Validation Suite and Examples: The final milestone focuses on comprehensive testing through validation suites and real-world examples. This ensures that our ROCm integration doesn't just build successfully, but actually works reliably for the diverse scientific computing workloads that EESSI users depend on.

Foundation Work: What Was Done Before¶

Before diving into the technical implementation, we invested significant effort in understanding the ROCm ecosystem. As detailed in our previous blog post, we created an overview that maps out core components, programming models, libraries and frameworks, and the complex web of dependencies that connect them all.

Rather than starting from scratch, we leveraged existing community efforts as our foundation. Specifically, we built upon excellent preliminary work from:

Bob Dröge's ROCm EasyBuild configurations available here
Jan André Reuter's custom EasyBuild support for ROCm available here

A crucial contribution came from Davide Grassano who successfully got ROCm-LLVM to build with EasyBuild. This involved significant technical work, including contributions back to the EasyBuild project through pull requests #3706 and #3781. Getting ROCm-LLVM working was essential because it serves as the compiler foundation for the entire ROCm stack.

Current Progress: Building and Testing the Core Stack¶

We've made substantial progress in building ROCm components for version 6.4.0 within the EESSI build environment. The following core components now build successfully with EasyBuild in our EESSI build container: ROCm-LLVM, rocminfo, rocm-cmake, HIP, amdsmi, ROCTracer.

Initially, we conducted our building and testing on a virtual machine environment without physical AMD GPU hardware. This approach allowed us to validate the build process and catch configuration issues, though it meant some sanity checks that require actual GPU hardware were necessarily skipped during the build process.

From a technical perspective, our work has focused on ensuring all components build reliably within the EESSI build container environment, guaranteeing reproducibility and consistency across different systems. We've developed and tested EasyBuild recipes for each component, including some patches, build hooks, and workarounds to fix some issues. Our work can be found here.

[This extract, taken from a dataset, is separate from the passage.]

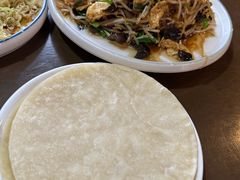 -福荣居褡裢火烧京味家常菜(西四店)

Recently we validated our ROCm builds with actual hardware. The results were highly encouraging: hip_device_query executed successfully, properly detecting and reporting GPU information, and amd-smi worked correctly, providing detailed system monitoring capabilities. We were also able to run a complete build with all sanity checks enabled and passing.

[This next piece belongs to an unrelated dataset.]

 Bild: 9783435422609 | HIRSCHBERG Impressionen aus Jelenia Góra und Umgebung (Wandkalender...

The successful hardware validation represents a significant milestone in our ROCm integration effort, demonstrating that our builds don't just compile correctly but actually function as expected with real AMD GPU hardware.

Next Steps: Expanding the Integration¶

Looking ahead, we've identified clear priorities for completing our ROCm integration work.

Our high-priority next steps focus on validation and completeness. We're working to finish adding support for remaining core components and extend our testing to cover AMD's validation suite and examples that demonstrate real-world functionality. We also need to develop a mechanism to detect the host driver version and validate it against our ROCm build requirements, providing clear guidance to users when incompatibilities are detected.

Our lower-priority items, while still important, focus on expanding capabilities and improving documentation. We plan to add support for additional libraries and frameworks beyond the core stack, integrate popular scientific applications that leverage ROCm, and update our ROCm overview document with practical insights gained from our building and testing experience. We're also exploring the possibility of contributing our overview back to AMD's official documentation, which could benefit the broader community. And finally, we will also provide feedback to AMD on our experience building ROCm, which likely will be useful for their new project TheRock.

Looking Forward¶

As we move forward, we'll continue sharing our progress, challenges, and solutions with the community. The goal isn't just to build ROCm support for EESSI, but to contribute to the broader understanding and adoption of AMD GPU computing in scientific workflows.